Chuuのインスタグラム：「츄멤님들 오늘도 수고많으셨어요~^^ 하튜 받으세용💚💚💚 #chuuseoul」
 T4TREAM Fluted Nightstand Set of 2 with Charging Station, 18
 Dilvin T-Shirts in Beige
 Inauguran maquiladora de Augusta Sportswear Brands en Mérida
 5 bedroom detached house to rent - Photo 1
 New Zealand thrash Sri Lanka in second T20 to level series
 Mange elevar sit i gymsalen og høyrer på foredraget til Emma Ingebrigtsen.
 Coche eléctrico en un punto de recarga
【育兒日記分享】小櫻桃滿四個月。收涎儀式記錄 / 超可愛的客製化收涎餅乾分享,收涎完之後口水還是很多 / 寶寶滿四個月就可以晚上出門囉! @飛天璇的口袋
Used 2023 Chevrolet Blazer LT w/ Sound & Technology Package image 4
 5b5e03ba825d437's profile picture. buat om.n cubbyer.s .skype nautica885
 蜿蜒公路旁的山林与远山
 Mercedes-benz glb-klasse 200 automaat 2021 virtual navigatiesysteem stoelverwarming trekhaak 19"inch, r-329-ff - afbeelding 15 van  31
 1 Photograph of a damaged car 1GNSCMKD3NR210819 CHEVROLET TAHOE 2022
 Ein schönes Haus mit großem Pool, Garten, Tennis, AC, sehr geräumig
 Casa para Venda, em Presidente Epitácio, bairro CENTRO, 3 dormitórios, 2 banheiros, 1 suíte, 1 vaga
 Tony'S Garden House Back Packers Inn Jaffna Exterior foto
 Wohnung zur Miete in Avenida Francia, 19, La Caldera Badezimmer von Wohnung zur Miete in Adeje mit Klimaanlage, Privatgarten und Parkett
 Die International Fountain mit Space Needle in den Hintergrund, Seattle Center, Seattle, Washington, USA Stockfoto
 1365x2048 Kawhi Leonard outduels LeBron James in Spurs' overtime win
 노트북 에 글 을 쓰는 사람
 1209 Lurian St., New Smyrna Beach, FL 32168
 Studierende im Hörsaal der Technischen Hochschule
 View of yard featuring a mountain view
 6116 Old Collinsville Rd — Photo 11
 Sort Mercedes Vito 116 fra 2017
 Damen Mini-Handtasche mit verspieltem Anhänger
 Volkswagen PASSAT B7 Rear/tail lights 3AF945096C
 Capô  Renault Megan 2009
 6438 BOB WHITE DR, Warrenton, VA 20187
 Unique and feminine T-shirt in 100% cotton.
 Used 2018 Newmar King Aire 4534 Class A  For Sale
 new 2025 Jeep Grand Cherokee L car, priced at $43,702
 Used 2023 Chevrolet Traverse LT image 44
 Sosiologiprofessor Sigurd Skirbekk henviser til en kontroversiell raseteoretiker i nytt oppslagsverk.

----------------

### Exercise
From the records above, return each line where "Used" occurs.

### Reply
Used 2023 Chevrolet Blazer LT w/ Sound & Technology Package image 4
 Used 2018 Newmar King Aire 4534 Class A  For Sale
 Used 2023 Chevrolet Traverse LT image 44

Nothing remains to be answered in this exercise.